Short text fragments from websites =>
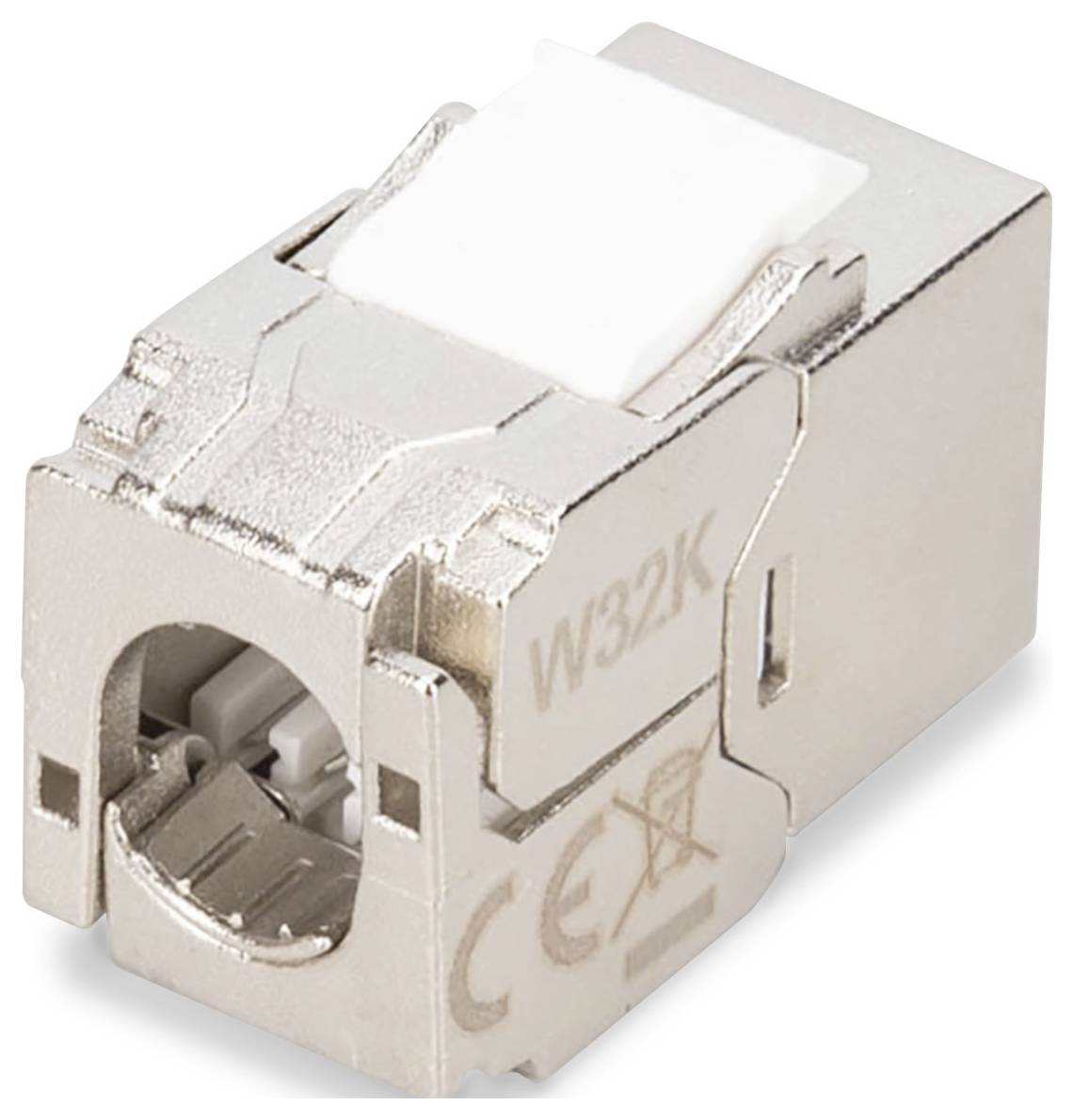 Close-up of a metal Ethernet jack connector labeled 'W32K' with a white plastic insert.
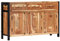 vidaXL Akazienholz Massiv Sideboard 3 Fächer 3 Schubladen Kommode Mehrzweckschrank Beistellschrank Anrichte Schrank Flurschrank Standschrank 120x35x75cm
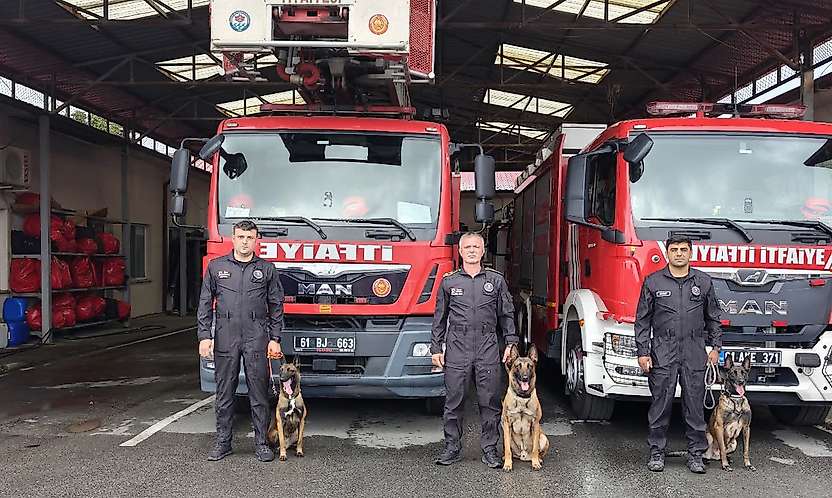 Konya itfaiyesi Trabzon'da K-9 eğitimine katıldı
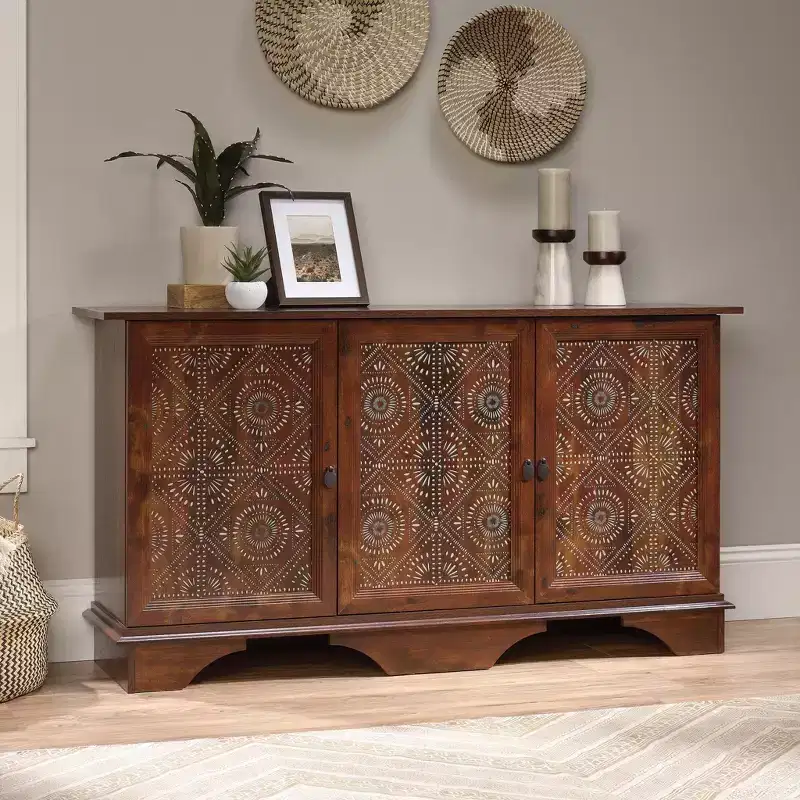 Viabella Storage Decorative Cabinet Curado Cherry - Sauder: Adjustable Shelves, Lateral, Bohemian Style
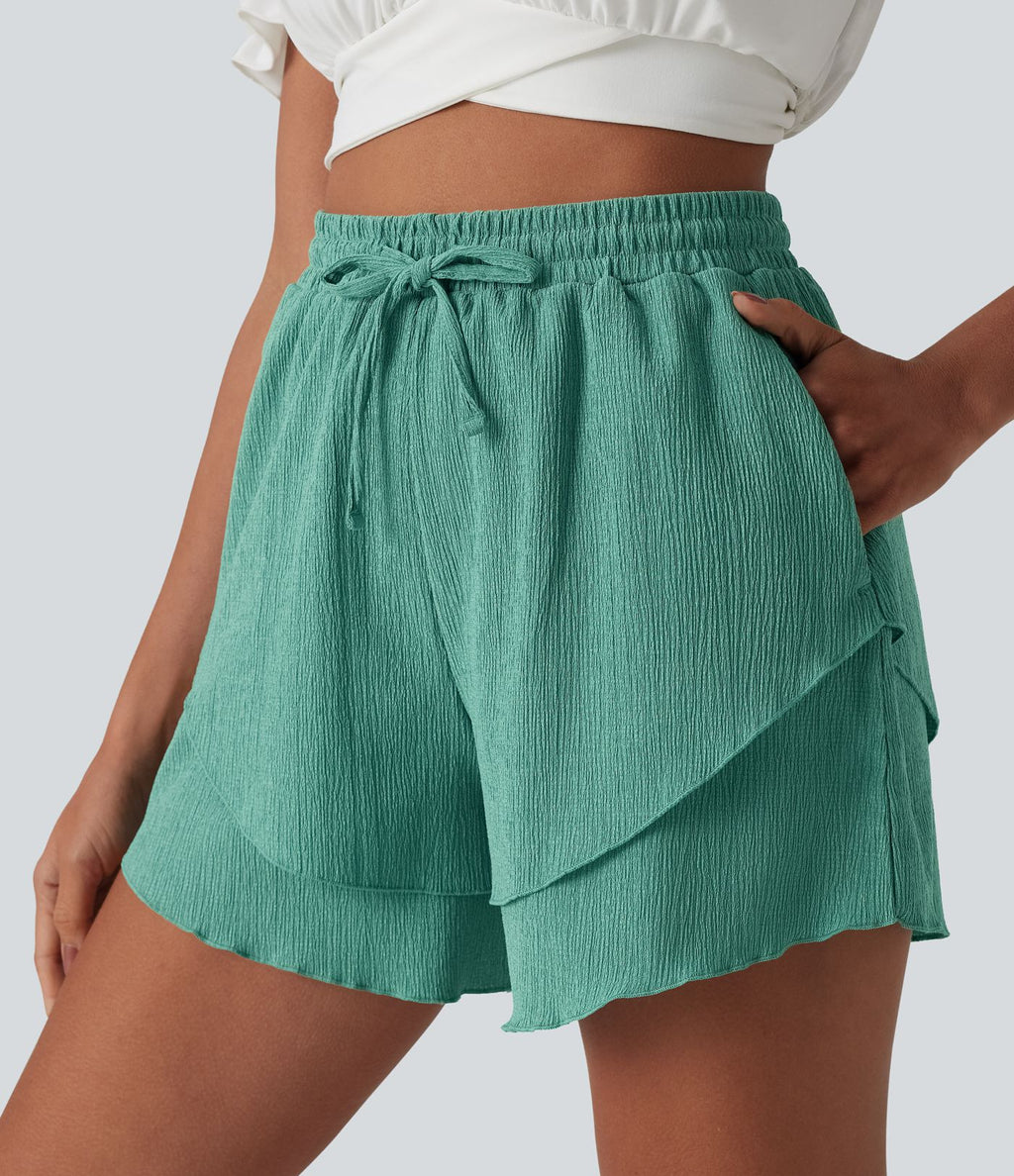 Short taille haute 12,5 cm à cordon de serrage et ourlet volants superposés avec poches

What needs to be done => Every entry above needs to be printed again exactly, with its pictures left out.

Output for this task =>
 Close-up of a metal Ethernet jack connector labeled 'W32K' with a white plastic insert.
 vidaXL Akazienholz Massiv Sideboard 3 Fächer 3 Schubladen Kommode Mehrzweckschrank Beistellschrank Anrichte Schrank Flurschrank Standschrank 120x35x75cm
 Konya itfaiyesi Trabzon'da K-9 eğitimine katıldı
 Viabella Storage Decorative Cabinet Curado Cherry - Sauder: Adjustable Shelves, Lateral, Bohemian Style
 Short taille haute 12,5 cm à cordon de serrage et ourlet volants superposés avec poches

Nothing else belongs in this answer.